Imagine women doing whatever they want, un-harmed and un-limited by misogyny, forming relationships of all kinds only with one another. It’s a very gender binary view and it’s not the solution to our problems – nor do I want to kill all men. (Honest!) But for someone who is comfortable IDing as female, it can be wish-fulfilment.
But no, no, we can’t have that. Men! Heterosexual love! Pregnancy! Everything must eventually lead to these points.
Earlier this year I read two books, almost back-to-back, in which female-only societies that have thrived for centuries are undermined by the presence of a man – specifically, by heterosexual love with that man.
The first book is Umberto Eco’s Baudolino, which is otherwise a dreadfully dull story about a horrible man and his friends going to find Prester John. I’m sure Baudolino is meant to be a sexist, racist dick because ~historical~ but I don’t see why I should find that in any way enjoyable. But suddenly, amidst hundreds of pages of gross gender essentialism, we meet the hypatias.

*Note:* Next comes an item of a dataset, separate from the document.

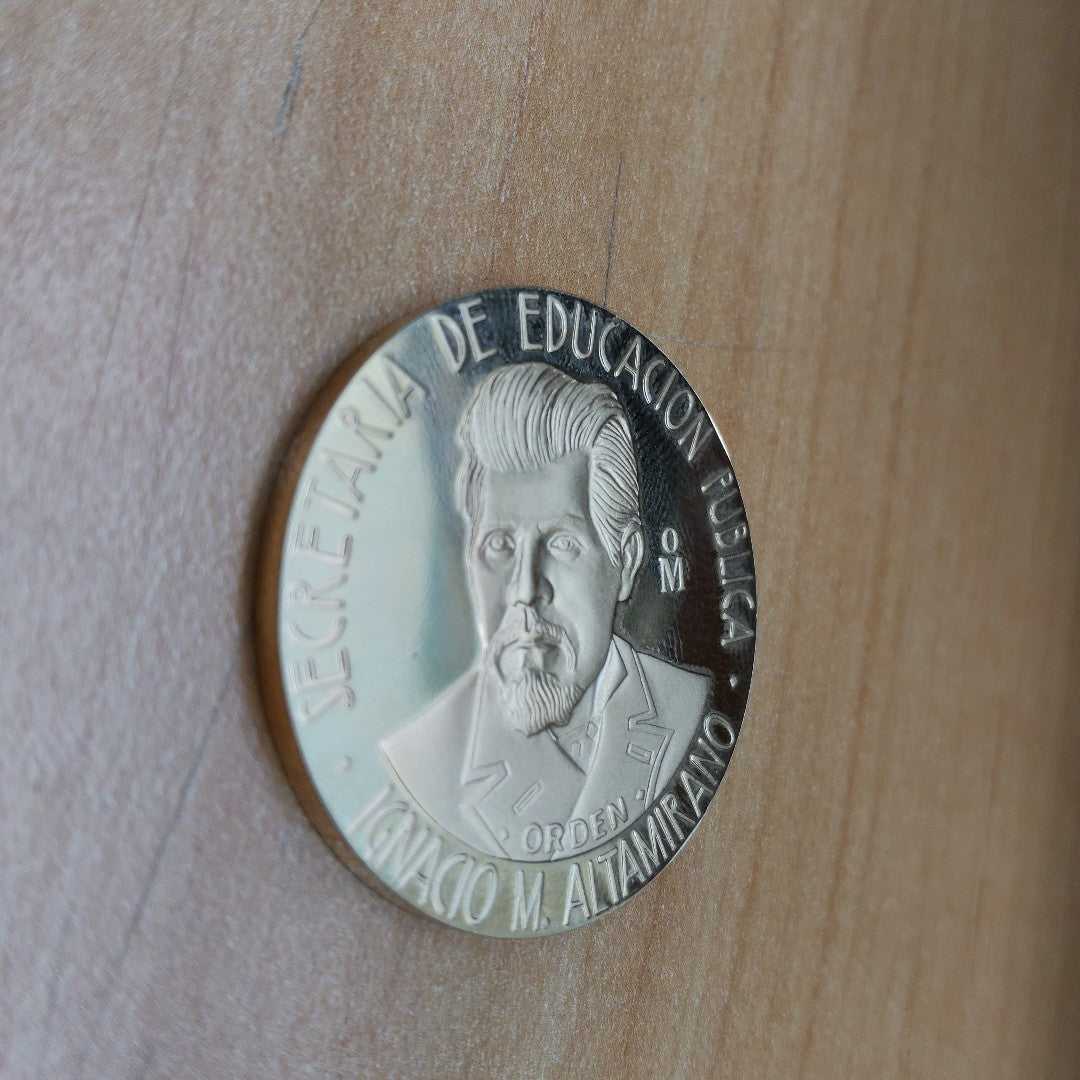 MEDALLA CONMEMORATIVA ORO 21 K 42.1 GRMS (SEMINUEVO)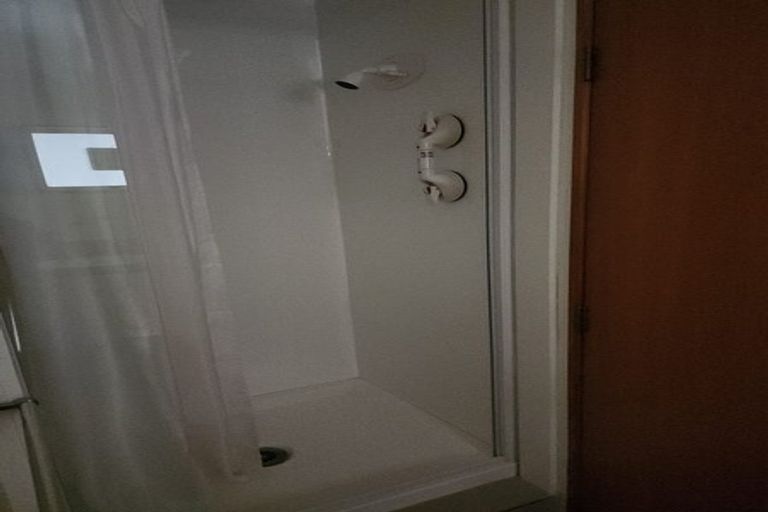 Photo of property in 22 Shortland Street, Regent, Whangarei, 0112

“You must realise that a thousand thousand years ago, in a powerful and distant city, there lived a wise and virtuous woman named Hypatia. She had a school of philosophy, which means love of wisdom. But in that city also some bad men lived, who were called Christians; they did not fear the gods, they felt hatred towards philosophy and they particularly could not tolerate the fact that a female should know the truth. One day they seized Hypatia and put her to death amid horrible tortures. Now some of the younger of her female disciples were spared, perhaps because they were believed to be ignorant maidens who were with her only to serve her. They fled, but the Christians by now were everywhere, and the girls had to journey a long time before reaching this place of peace. Here they tried to keep alive what they had learned from this mistress, but they had heard her speak when they were still very young, they were not as wise as she had been, and they didn’t remember clearly all of her teachings. So they told themselves they would live together, apart from the world, to rediscover what Hypatia had really said.”
OH MY GOD
MY HEART
IT BURNS FOR THEM
They utilise the trope of using males (non-human males, in this case) as sperm donors and keeping only the girl-children, sending boy-children back to the males in order to be raised as future sperm-donors. I have a bit of a crush on that trope. It’s not exactly a complex role-reversal and I’m not going to claim it’s particularly feminist or anything, but again: the wish-fulfilment of a female space in which males are irrelevant.
But naturally Baudolino falls in love with the hypatia he meets and they have sex and she realises that men are great and she gets pregnant.
In fairness to Baudolino, the hypatia chooses her people over a man and she doesn’t share Baudolino’s idea that he’s entitled to help raise the child if it turns out to be a girl (whereas she’d give the boy to him, because why would she keep a boy?) so that’s something. It’s not as bad as in the next book. But I want to know why this even needs to happen at all? Why can’t the hypatia remain uninterested? After a millenia of no hypatia expressing an interest in a man, why now? It’s true that they don’t encounter men often, but I struggle to believe that Baudolino is the first ever. Of course, the answer is that Baudolino is the hero of his book and he needs to score with the hot hypatia, because the narrative cares about him far more than it does about any woman at all.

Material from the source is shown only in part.